And that took a while to compile.
So while I was doing that, you've actually got an answer from your brother.
Yeah, I'm not sure if your cauldron is right for this answer.
We'll find out.
What happens is I went to my brother and, well, why not?
I'll get him to explain himself. Here's an interview of us. Hey, Mike. What's up, Meg? So I've got a problem for
you, which I've taken to Matt Parker. But as you are the other mathematician in my life,
as my little brother, but also as a fully qualified maths teacher and tutor, I wanted to see how you
also tried to solve this problem and I thought
it would be really simple and then Matt took a lot longer to get into the problem than either
of us expected I think and that's when I came to you and you had a very similar situation didn't
you? Yeah I started off with a panic because I think it's probably because I read that Matt was struggling with it. And I rate Matt quite highly in the mathematicians of my vocabulary
and then just assumed it was the hardest thing in the world.

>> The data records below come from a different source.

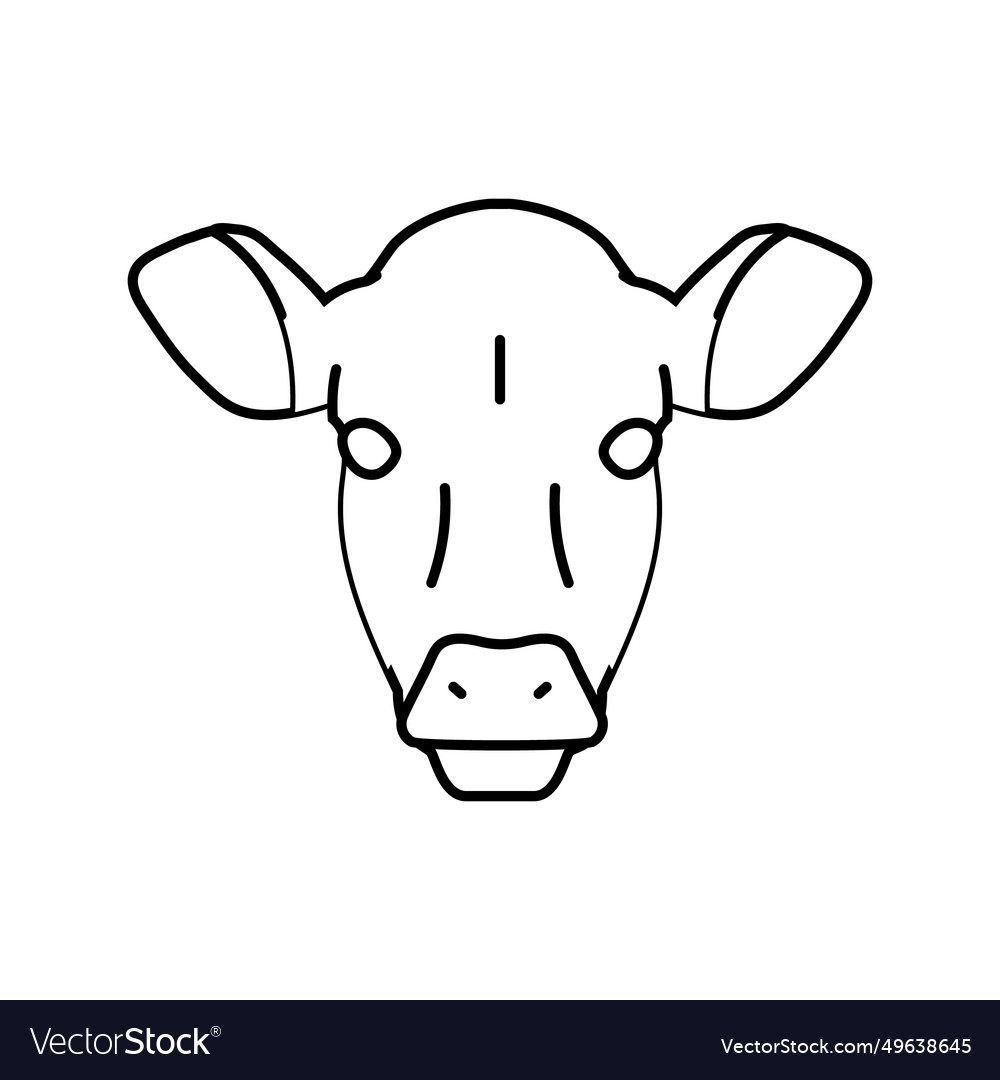 Cow Head Farm Line Icon Royalty Free Vector Image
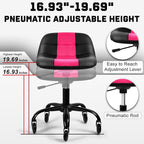 Rolling Stool with Wheels, Garage Shop Stool with Backrest, Roller Seat with Pneumatic Adjustable Height 16.93"-19.69", Heavy Duty Multi-Purpose Chair for Shop Salon Office Home, Pink
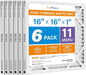LotFancy 16x16x1 Air Filter MERV 11 6-Pack, Electrostatic Pleated AC Furnace Air Filter, Captures Dust, Smog & Pet Dander, Actual Size: 15.75"x15.75"x0.75"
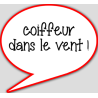 coiffeur dans le vent - 15x13.5cm - sticker/autocollant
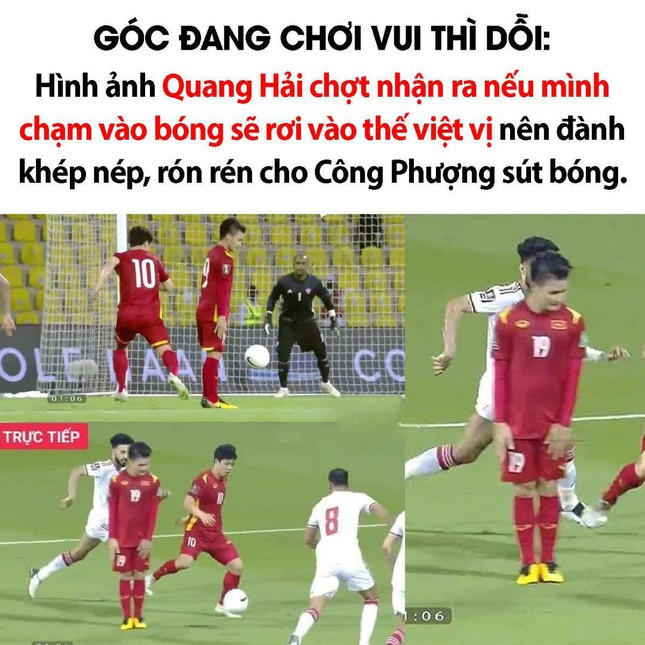 Khoảnh khắc đứng hình của Quang Hải được chế thành đang dỗi vô cùng hài hước. Ảnh: Facebook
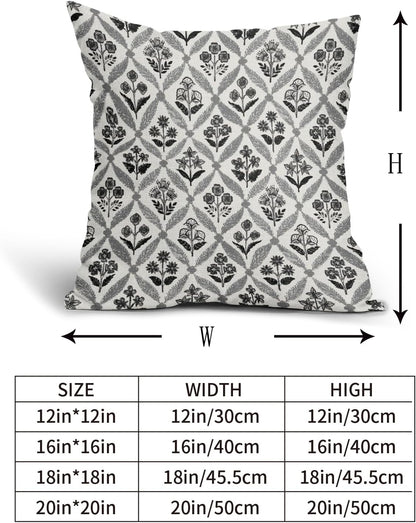 Blue Green Floral Block Print Pillow Covers 12X20 Set of 2, Flower Pattern Spring Summer Print Decorative Throw Pillow Covers Outdoor Farmhouse Seasonal Cushion Case Couch Sofa Bed Decor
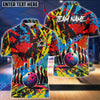 BlueJose Bowling Graffiti Paint Old School Customized Name, Team Name 3D Shirt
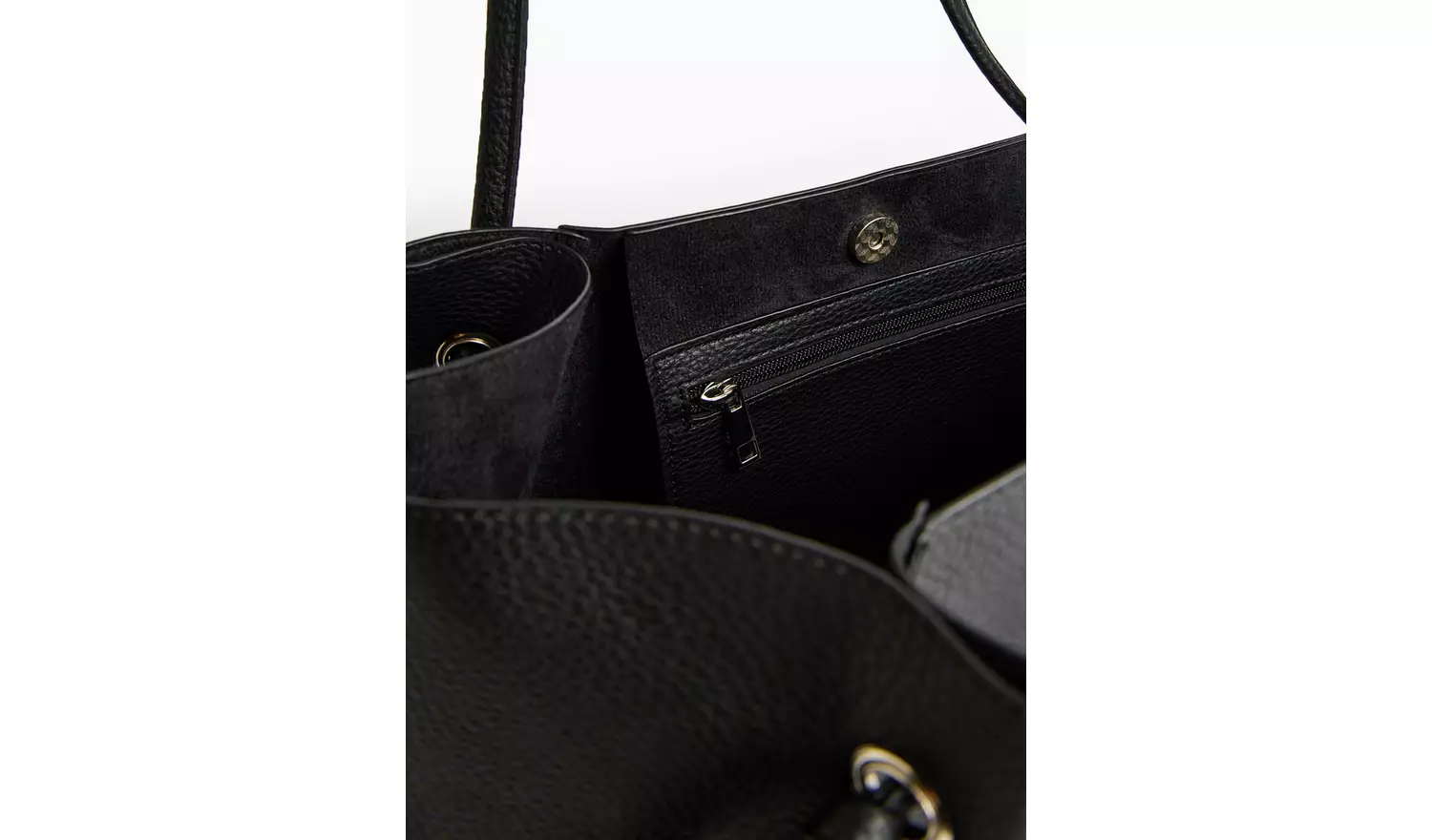 Black Faux Leather Pleat Shopper Bag One Size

Yeah, and so you came up with an easier solution for me.
Yeah, so you and I agreed that if we can get a T-shirt lied flat,
we can assume a certain amount of things.

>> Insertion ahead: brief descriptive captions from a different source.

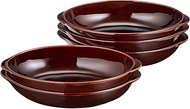 Set of 5, Western Pottery, Single Item, Brown Gratin Plate, L (O), 9.8 x 5.5 x 2.0 inches (25 x 14 x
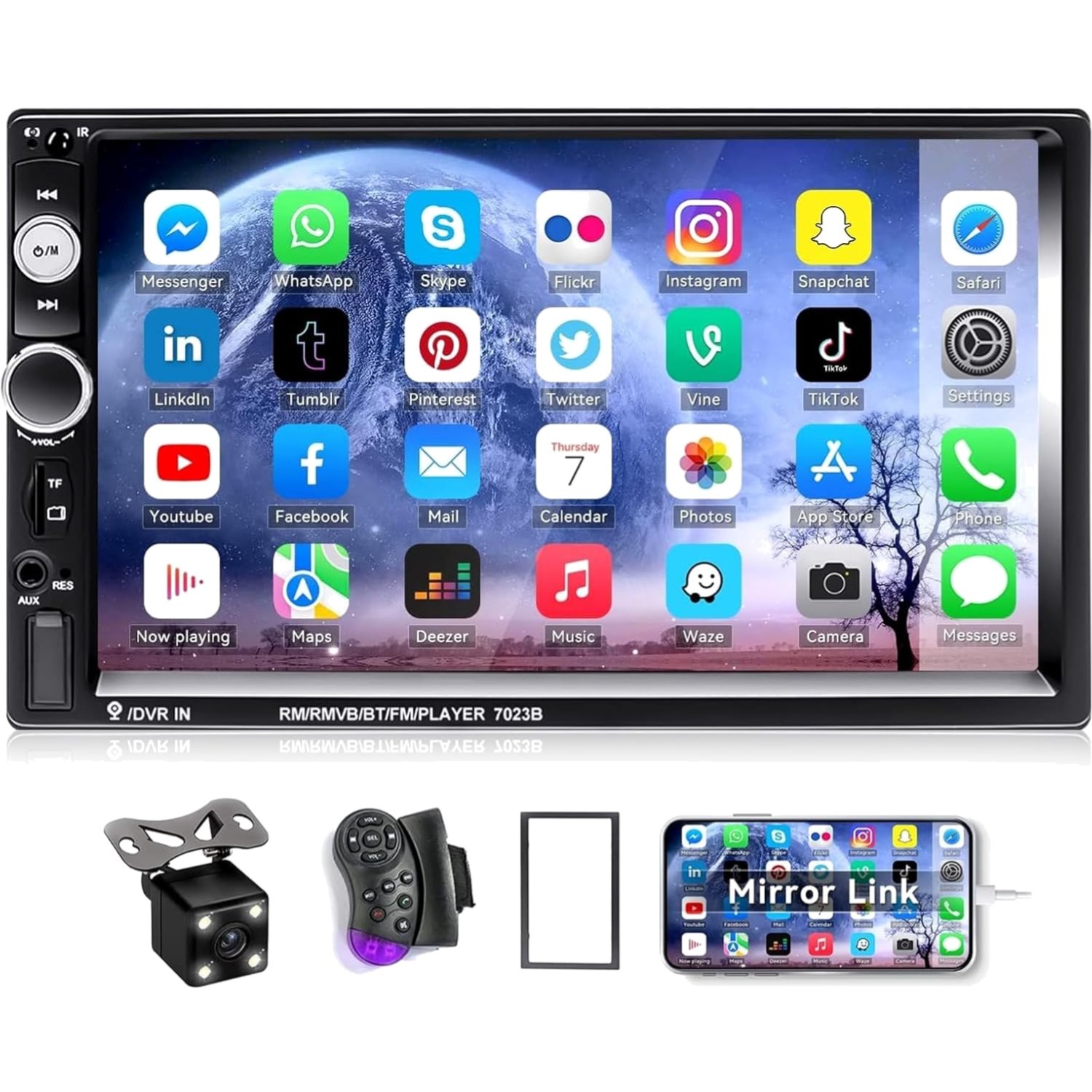 Multimedia 7″ Car Stereo with Touchscreen & Bluetooth – Includes Backup Camera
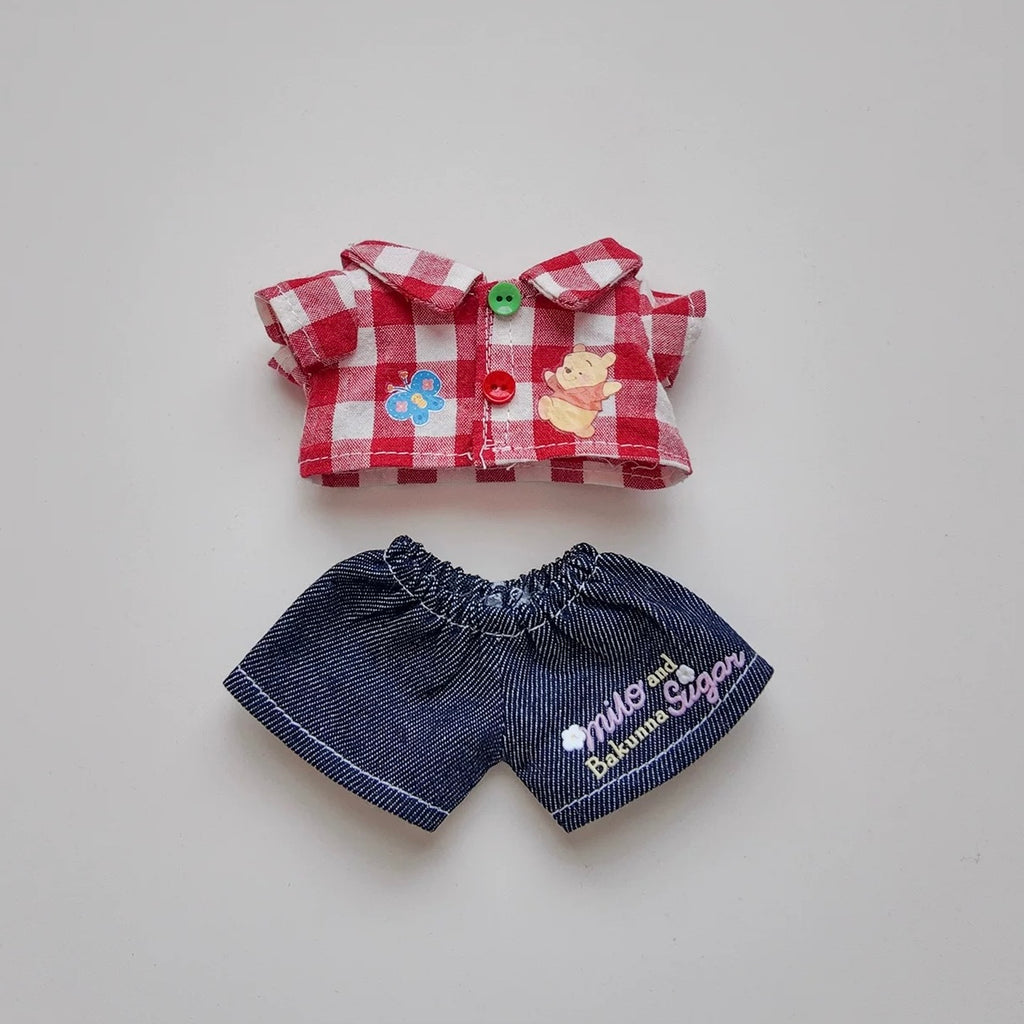 Labubu Red Plaid Shirt Set- FS01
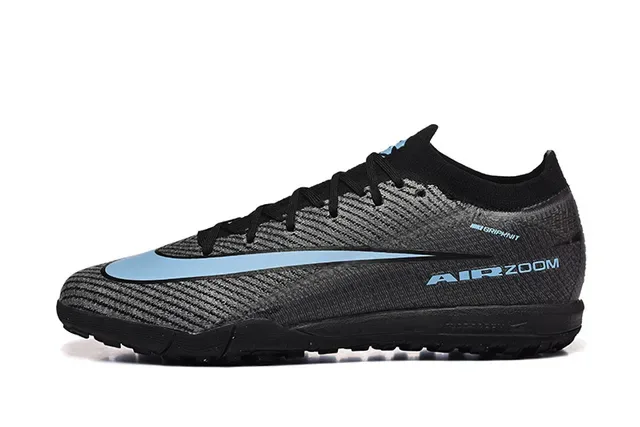 Nike Tênis de futebol turf upper knit preto e azul low-cut 10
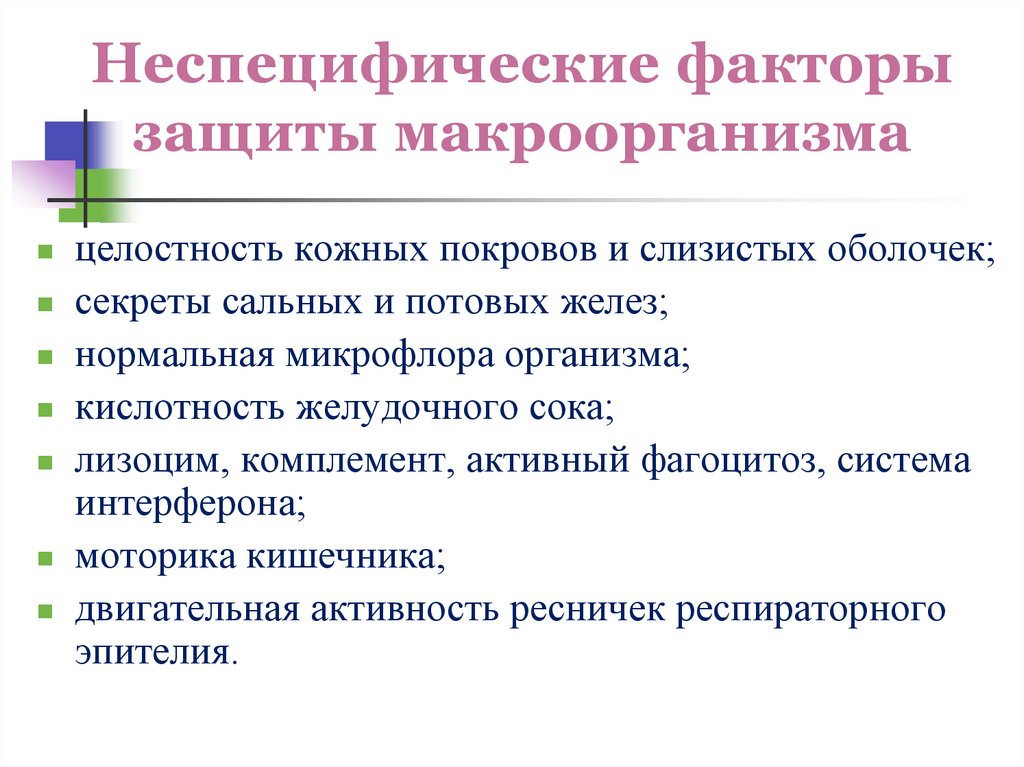 Неспецифические факторы защиты макроорганизма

One, that there's no overlaps and there's no extra areas, which you can generally get with men's t-shirts.
And two, that there's generally straight lines.

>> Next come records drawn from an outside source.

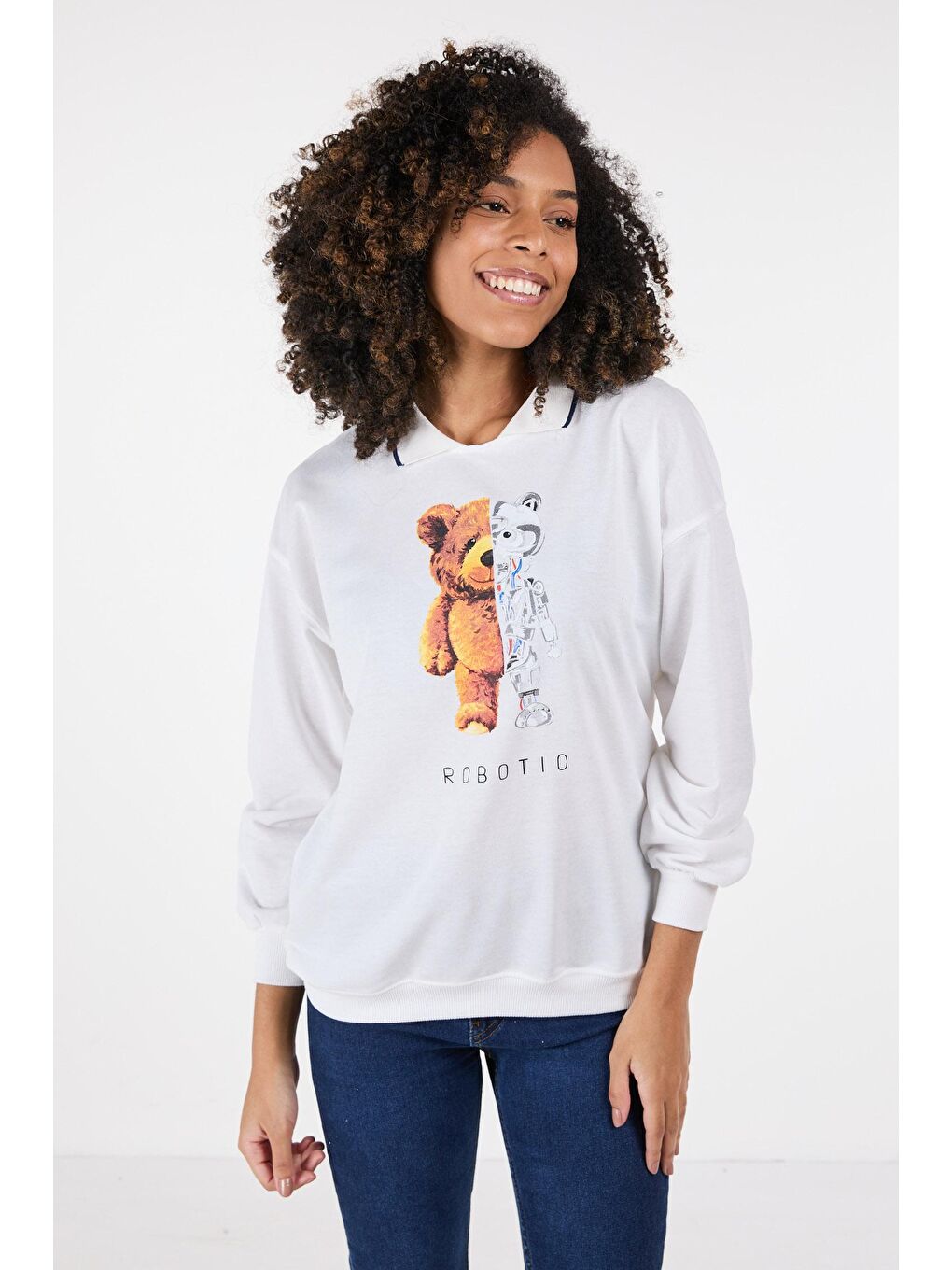 Gömlek Yaka Kadın Beyaz Sweat - 23417-4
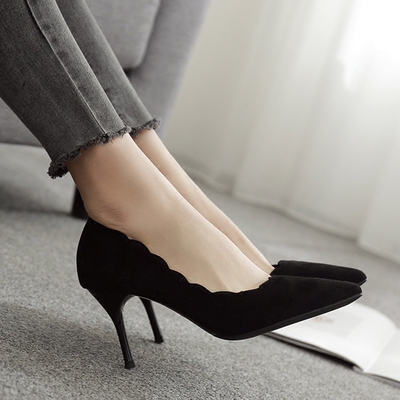黑色绒面高跟鞋细跟尖头单鞋女优雅职业7cm中低跟5cm3cmol少女鞋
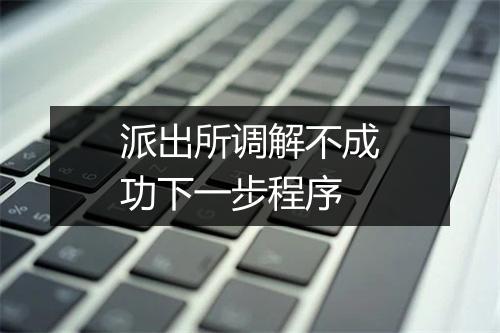 派出所调解不成功下一步程序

So we went with two-dimensional model and then it just turned into a year 10 area-based project.
It's actually a lot easier to follow along a lot of the shapes can be turned into quadrilaterals which are quite easy to measure
especially when there's parallel lines because a lot of things are symmetrical like your armpits
should be at the same height in theory and the t-shirt should be made accordingly same with
shoulder height and color the sleeves got a little bit interesting and there's probably a method that I would use differently
if I wasn't looking at a two-dimensional plane only,
but that's a problem for another time.
But yeah, if we attack it from a two-dimensional plane
and we assume that and that the collar is circular,
then it's actually a lot simpler than we originally thought.
So can you tell our listeners and Matt roughly what was the
shape and measurements that I should do for my 500 equal shapes? Yeah so we we ended up with
about 8,000 square centimeters which sounds like a lot but considering that there's a front and a
back and it's a it's a fair size, it's about right for a medium men's.
And if we have an 8,000 square centimetres shape
and we're dividing by 500,
should get us around that 16 square centimetre mark.
And that's sort of like perfect for a 4x4.
And there was a little bit of leeway.
So it was about 8,500 square centimetres
and it did lead itself to about 17 square centimetres in theory.
But if I do 4x4s, that allows for room for me to move over on my grid.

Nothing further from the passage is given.